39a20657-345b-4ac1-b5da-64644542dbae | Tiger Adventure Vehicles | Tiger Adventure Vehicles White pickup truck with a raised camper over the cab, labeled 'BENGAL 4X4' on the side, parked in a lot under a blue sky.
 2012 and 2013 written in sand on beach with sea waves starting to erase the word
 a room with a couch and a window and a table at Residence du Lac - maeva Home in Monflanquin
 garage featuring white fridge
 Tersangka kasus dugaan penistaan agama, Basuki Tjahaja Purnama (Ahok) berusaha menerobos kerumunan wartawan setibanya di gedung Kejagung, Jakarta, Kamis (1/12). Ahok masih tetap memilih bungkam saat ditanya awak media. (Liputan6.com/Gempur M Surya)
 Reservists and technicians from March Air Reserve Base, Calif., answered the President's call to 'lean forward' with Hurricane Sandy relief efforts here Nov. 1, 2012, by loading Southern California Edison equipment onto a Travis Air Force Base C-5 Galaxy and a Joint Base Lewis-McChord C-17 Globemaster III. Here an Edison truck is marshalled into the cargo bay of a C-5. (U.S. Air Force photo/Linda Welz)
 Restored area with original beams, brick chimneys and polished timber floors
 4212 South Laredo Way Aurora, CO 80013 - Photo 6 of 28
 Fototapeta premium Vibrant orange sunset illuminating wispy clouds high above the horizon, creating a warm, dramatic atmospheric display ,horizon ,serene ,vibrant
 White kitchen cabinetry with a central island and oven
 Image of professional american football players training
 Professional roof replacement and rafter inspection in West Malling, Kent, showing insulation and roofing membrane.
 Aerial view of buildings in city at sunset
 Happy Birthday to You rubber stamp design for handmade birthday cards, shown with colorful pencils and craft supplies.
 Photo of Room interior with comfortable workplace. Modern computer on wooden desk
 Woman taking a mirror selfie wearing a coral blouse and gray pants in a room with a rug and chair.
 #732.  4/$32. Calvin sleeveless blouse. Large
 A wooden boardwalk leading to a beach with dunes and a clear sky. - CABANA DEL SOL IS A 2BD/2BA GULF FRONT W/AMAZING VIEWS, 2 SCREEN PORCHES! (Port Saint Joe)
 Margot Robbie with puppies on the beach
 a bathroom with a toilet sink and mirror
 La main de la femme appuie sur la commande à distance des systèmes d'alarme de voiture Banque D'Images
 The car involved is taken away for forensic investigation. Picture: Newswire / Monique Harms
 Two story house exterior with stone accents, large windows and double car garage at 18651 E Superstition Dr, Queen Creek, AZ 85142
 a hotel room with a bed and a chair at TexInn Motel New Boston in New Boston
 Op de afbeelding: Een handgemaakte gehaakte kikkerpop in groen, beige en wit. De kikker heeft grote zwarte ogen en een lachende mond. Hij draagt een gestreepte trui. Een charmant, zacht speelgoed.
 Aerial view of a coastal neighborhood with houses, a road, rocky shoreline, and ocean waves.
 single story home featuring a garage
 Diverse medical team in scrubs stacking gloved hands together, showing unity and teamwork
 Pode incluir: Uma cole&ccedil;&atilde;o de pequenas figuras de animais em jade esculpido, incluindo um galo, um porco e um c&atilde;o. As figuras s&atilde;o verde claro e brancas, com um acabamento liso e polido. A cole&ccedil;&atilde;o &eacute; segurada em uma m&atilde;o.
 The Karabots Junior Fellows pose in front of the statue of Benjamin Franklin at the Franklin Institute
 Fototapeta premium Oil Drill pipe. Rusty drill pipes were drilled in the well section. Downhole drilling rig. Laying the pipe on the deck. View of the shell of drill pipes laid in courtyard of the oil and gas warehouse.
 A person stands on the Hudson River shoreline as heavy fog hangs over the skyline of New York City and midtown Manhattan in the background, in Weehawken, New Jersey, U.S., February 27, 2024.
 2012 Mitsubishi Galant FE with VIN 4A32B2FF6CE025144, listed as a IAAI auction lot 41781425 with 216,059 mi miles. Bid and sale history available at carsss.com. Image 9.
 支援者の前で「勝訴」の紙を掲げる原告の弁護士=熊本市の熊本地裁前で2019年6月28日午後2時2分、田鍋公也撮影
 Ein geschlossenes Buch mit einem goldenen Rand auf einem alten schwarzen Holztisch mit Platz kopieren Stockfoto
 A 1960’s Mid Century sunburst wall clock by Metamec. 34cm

-*-

» **Your assignment**:
Begin at the top of the listing above and set down each line exactly. Stop after the line that contains "Tersangka kasus dugaan".

» **Result**:
39a20657-345b-4ac1-b5da-64644542dbae | Tiger Adventure Vehicles | Tiger Adventure Vehicles White pickup truck with a raised camper over the cab, labeled 'BENGAL 4X4' on the side, parked in a lot under a blue sky.
 2012 and 2013 written in sand on beach with sea waves starting to erase the word
 a room with a couch and a window and a table at Residence du Lac - maeva Home in Monflanquin
 garage featuring white fridge
 Tersangka kasus dugaan penistaan agama, Basuki Tjahaja Purnama (Ahok) berusaha menerobos kerumunan wartawan setibanya di gedung Kejagung, Jakarta, Kamis (1/12). Ahok masih tetap memilih bungkam saat ditanya awak media. (Liputan6.com/Gempur M Surya)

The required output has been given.